It’s been over a month since I finished the final semester of my undergrad in environmental studies at the University of Waterloo. I am now permanently in Toronto where I share a tiny one-bedroom + den condo with the boyfriend. I’m no urbanite, but I’ve come to realize that city-living has its perks, and my lifestyle is getting a little greener as each day passes.
I am now vertical-living, riding my bicycle everywhere, doing my grocery shopping at the local farmers’ market, and appreciating the surprising amount of green space here I never knew about. I am also volunteering and getting to know the green business community in Toronto. I can’t really complain about life right now, except for the fact that I’m still unemployed and constantly hearing, “You have such an amazing resume – so much experience and positive references!! I’m sure you’ll find a job soon!” Well, ‘soon’ has turned into a few months shy of A YEAR searching for a full-time job. It’s the worst time to find a job with meaning, but I’m not discouraged yet.
I convocated on Tuesday and since then have been reflecting lots on the past five years and what this degree really means to me. A ton of money was spent and many tears too. It can be very hard to find a balance between academic priorities, co-op applications and interviews, family problems at home, relationships, and figuring out what the hell you want to do with your life.
In hindsight, I want to list a few things I learned along the way which could be helpful to current and prospective university students.
Five Takeaways from my Undergraduate Career
1. Network from the Get-Go
The first-year of university can be a difficult transition. Moving to Waterloo was not only an immense culture shock for me (coming from a village of ~1000 people in Eastern Ontario), but also an alienating experience sharing a classroom and a professor with hundreds of other students. While residence helped me meet new friends, I feel like I should have made more effort to connect with my professors and join a club or two and start connecting with people who shared my academic and personal interests. Honestly, the profs don’t bite, and they appreciate your willingness to get to know them and demonstrate your interest for the course material/themes/research.

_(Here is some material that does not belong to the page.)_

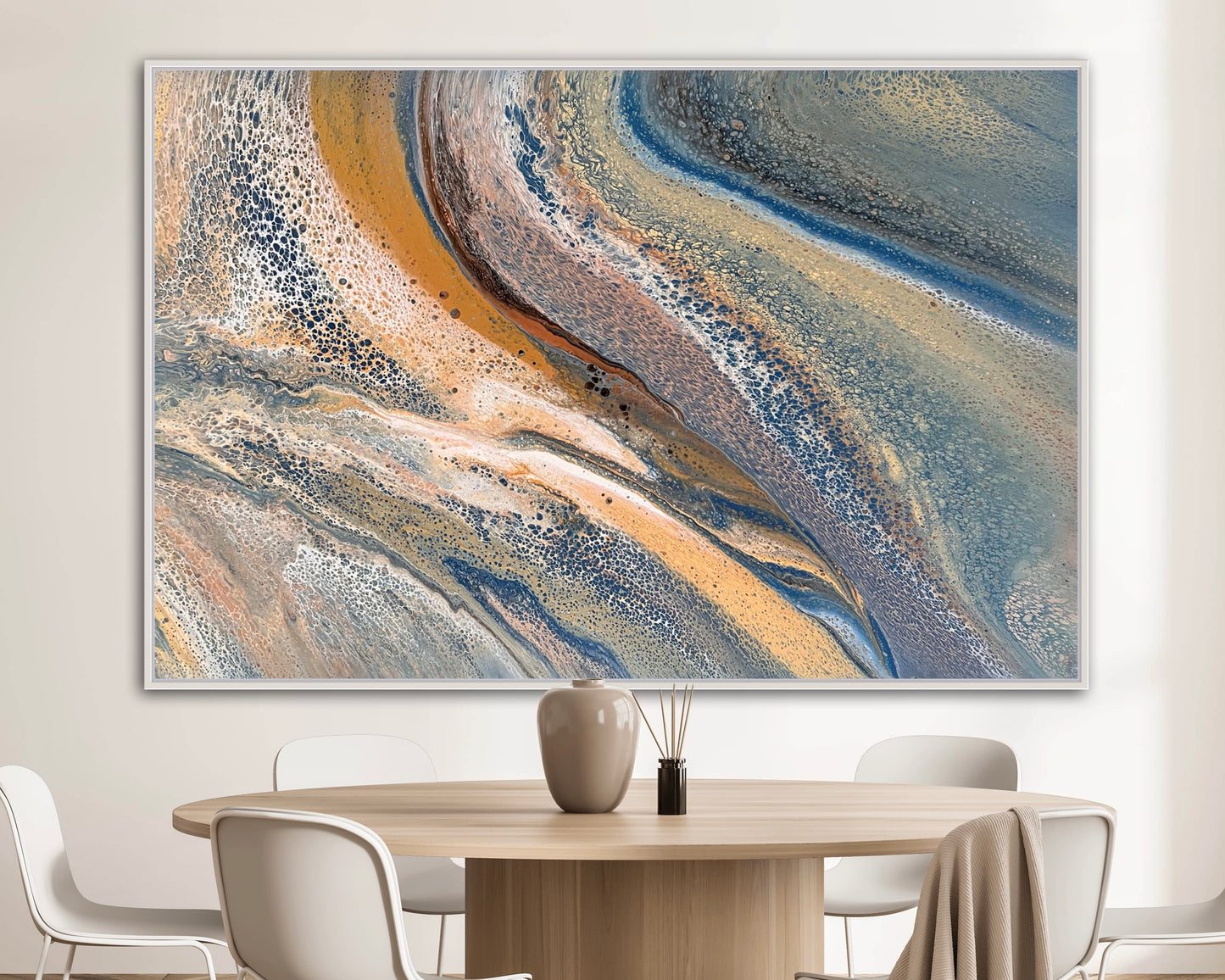 Natural Wonders ~ Original 152x101.5cm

It is also helpful later when you have to find an advisor for your thesis, or references for your grad school applications.
2. Use Volunteering, Part-Time Work, Co-op, or your Free Summers to Find RELEVANT Work Experience
Thousands of students across Canada are graduating with little to no relevant work experience. In the unemployment situation we find ourselves, it is important to use the free time we have to find relevant work and/or side projects to build our resumes early on and stand out from the crowd of applicants. There are tons of summer jobs (especially in the environmental field) offered thanks to government subsidies. You can also win over some potential employers by informing them of the tax breaks they could get from hiring a summer/co-op student. If you can’t find a full-time internship in your field, look for part-time work, volunteer somewhere, or start your own project!

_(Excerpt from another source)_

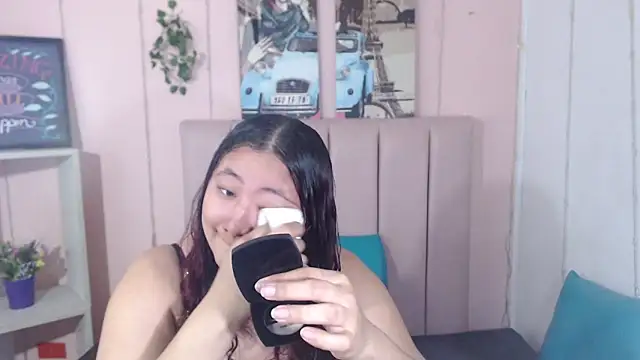 Carlingimenes707rs online show from September 2025 01:13:01 PM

Now is the time to do it. Whether it’s an exchange or co-op placement, a week-long trip between semesters, or a vacation during the summer months, once you start working full-time it will be more difficult to schedule time to do these things. I know not everyone will have the opportunity and money to do this (I dipped into my student loans and co-op salary for all of my trips), but if you can, it is SUCH a wonderful experience and a refreshing break from the stresses of academia.

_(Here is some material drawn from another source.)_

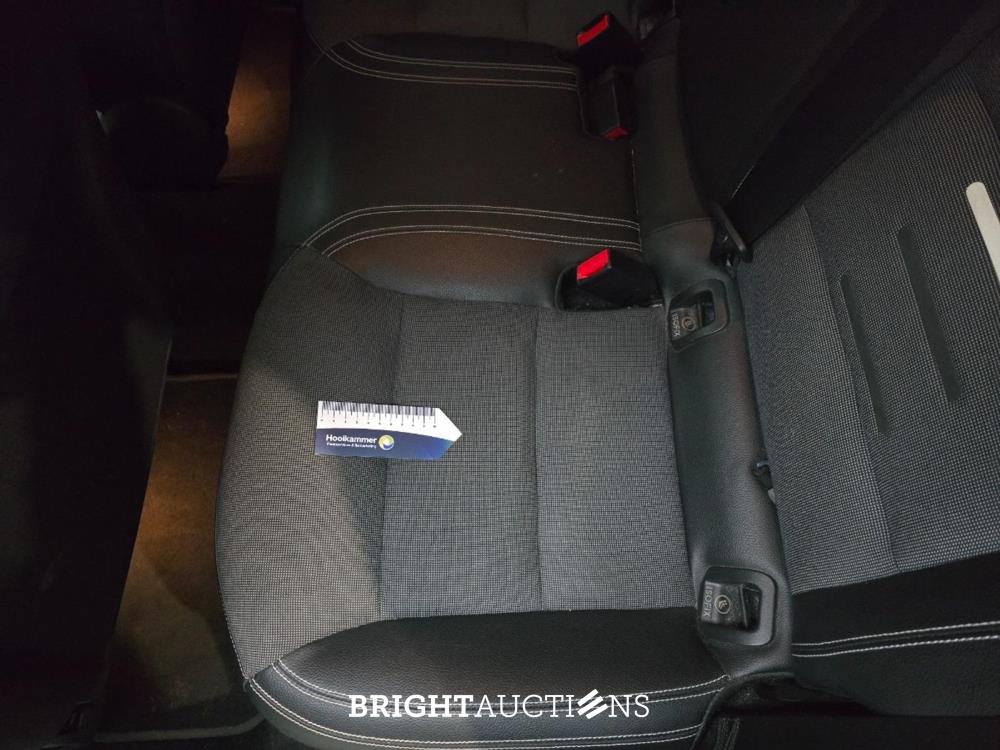 Mercedes-Benz A 160 Ambition 102pk 2016 (Origineel-NL) A-klasse, HR-653-D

4. Eat Well and Get Some Exercise
It is very easy to slack off on meals and exercise when you’re too busy cramming and getting those last-minute papers in before the deadline. Try to get at least 20 minutes of physical activity each day. Your body will thank you. Yoga is a great way to get your blood flowing and activate muscles that have been stagnant all day while you sat at a desk typing away at your research paper. I was also a big fan of at-home workouts on YouTube when I was pressed for time.
I also saved A TON of money by taking a couple hours each Sunday to browse the flyers, plan my meals for the week, buy my groceries and prep some lunches to bring to campus with me during the week. I treated myself to lunch or dinner out once a week. I would typically spend $30-$50 per week on food (including coffee and eating out).
5. Be Humble
For our generation, a university degree is a HUGE commitment. Entitlement won’t get you anywhere, and neither will that fancy piece of paper on its own. What you build for yourself professionally over those four years are what employers are attracted to. Make the most of it and never expect anything just because you “deserve it.”